И вот в мою детскую досужую голову эта мысль пришла, растекаясь по древу, — про рабство. Сильно! Я копался в своих ощущениях и движениях души, пытаясь определить — есть во мне что-то рабское, а если да, то — как оно и в чем проявляется? Где притаилось, за чем спряталось, под что мимикрирует? Во что перекрасилась, чем заслонилась эта позорная правда? Чем же таким школьным и казенным обернут этот жгучий позор так, чтоб не спалить всё благородное и идеальное, что, типа, имелось в наличии? Выдавилось это рабство? А вдруг — думал я — оно никуда не делось? И не денется никогда? Может же так быть, что это клеймо не стирается, не выжигается, не перекрывается каким-то новым тавром — а остается на всю жизнь. «На лбу и на щеках его были клейма, положенные ему на эшафоте» — это про каторжника, но всё равно же! Чем их сведешь? Ничем. Не только на всю жизнь такое остается — но даже и выходит за ее пределы? Передаваясь по наследству и перебрасываясь в новые поколения? И вот потомки и наследники рабов, плодясь и размножаясь, как по писаному — потом строят себе страну, какая им нужна, в какой им, подневольным персонажам, комфортно? Гоня и давя чужих, не понимая, по какому признаку и отчего те кажутся, объявлены чужими? «Смерть свободным»? Которые могли же как-то сохраниться, выжить, дать потомство? Раб и свободный — можно ли придумать более чужих и взаимно ненавистных друг другу персонажей?
Страшно неприятна эта мысль про рабство, ее неохота думать, и делиться ею — тоже не очень…
Как-то спасало ситуацию — в моих глазах, по крайней мере — то, что дед был не раб, то есть, конечно, раб, но не такой как все, а — раб взбунтовавшийся, восставший! Что делало картинку не стыдной, но романтической и привлекательной. А деда, и заодно меня — как бы героями. Ну, Спартак и прочее в таком духе.
Я любил рассматривать старую желто-коричневую, сепия, фотку, копию копии копии, на которой дед — на тот момент не дед, конечно, а его как бы личинка, 20-летний парень — стоит с двумя сослуживцами. Мне было больно от того, что на дедовской голове — фуражка, а не буденовка, как у того, что слева, а на поясе кобура с — навскидку — банальным наганом, а не деревянная коробка с экзотическим артхаусным маузером (предшественником элитного Стечкина, который тоже со съемным прикладом), как у того, что справа. «Со старой отцовской буденовки, Что где-то в шкафу мы нашли» — этот головной убор казался мне, тогда, восхитительным. Все помнят, что эту богатырку изобрел Васнецов, по заказу царя, в 1916-м — для парадов победы в единственной на тот момент мировой и пройти они должны были в Берлине и Стамбуле. Да, так вот маузер — не тот маленький, как бы дамский, из какого персонаж гайдаровской «Школы» застрелил белого мальчика-кадета в рамках допустимой самообороны, — а другой, «настоящий», длинный, нескладный, прекрасный в своей неуклюжести, смахивающий на некий стремительный легкий танк. Ствол тот был тоже не просто оружием, а — звездой, кинозвездой, дизайн разил наповал. Оружие, похожее на аиста — по крайней мере, на того, что отправлялся в полет с молдавской коньячной этикетки, в те времена, когда совецкий коньяк считался благородным «элитным» напитком и стоил 8 руб. 12 коп., плевать какой — от армянского до одесского.
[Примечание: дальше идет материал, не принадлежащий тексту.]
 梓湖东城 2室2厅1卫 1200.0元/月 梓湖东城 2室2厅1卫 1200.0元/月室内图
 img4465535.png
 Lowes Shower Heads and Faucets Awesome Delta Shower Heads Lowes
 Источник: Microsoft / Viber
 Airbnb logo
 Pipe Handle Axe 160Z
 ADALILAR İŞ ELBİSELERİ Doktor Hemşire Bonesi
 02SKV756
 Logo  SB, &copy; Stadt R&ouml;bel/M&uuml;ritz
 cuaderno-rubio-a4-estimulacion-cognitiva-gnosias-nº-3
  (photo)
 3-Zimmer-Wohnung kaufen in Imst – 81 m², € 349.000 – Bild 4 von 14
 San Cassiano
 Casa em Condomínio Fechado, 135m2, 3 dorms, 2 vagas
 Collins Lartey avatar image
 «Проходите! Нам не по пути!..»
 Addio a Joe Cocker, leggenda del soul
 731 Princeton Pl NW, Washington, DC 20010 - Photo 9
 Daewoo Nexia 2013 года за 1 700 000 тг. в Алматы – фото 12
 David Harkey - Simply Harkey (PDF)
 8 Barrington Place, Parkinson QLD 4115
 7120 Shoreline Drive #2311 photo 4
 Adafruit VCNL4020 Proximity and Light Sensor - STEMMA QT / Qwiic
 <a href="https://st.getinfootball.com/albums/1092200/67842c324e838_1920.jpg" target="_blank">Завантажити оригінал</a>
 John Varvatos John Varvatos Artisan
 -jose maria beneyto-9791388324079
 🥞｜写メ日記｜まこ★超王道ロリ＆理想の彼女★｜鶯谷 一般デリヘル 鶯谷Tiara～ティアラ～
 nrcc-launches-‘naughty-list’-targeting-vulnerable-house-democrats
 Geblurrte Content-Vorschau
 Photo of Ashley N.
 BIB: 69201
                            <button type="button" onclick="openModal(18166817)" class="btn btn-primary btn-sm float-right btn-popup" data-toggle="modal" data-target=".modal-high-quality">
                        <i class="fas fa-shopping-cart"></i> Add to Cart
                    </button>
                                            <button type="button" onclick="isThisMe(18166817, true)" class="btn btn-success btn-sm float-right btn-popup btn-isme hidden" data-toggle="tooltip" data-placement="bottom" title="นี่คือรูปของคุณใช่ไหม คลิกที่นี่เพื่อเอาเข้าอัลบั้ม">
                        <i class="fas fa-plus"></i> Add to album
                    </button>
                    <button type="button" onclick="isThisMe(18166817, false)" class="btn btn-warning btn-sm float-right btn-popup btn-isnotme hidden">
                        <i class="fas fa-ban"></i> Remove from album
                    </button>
Целую кучу таких маузеров я увидел позже в имении Кадырова-младшего, в Центарое. Вот буквально кучу — она была свалена на ковре посреди комнаты. В шкафах и на полках подарки не помещались, их же всё везли и везли. Маузеры те были все разные: с длинным стволом, с коротким, такие, сякие, серебристые, золотистые, с инкрустацией и без… Кажется, они начались еще в XIX веке, и кого только из них не убивали! Если говорить про Восток, то самая яркая картинка — это Черный Абдула вот с таким именно стволом, уроненным из руки после красивого, от бедра, выстрела красноармейца Сухова. Еще я увидел у Рамзана богатую коллекцию сабель, старинных, покрытых арабской вязью. Сколько белых людей порубили ими абреки! Сколько русской крови с них вытерто полами каких-то драных бешметов, о!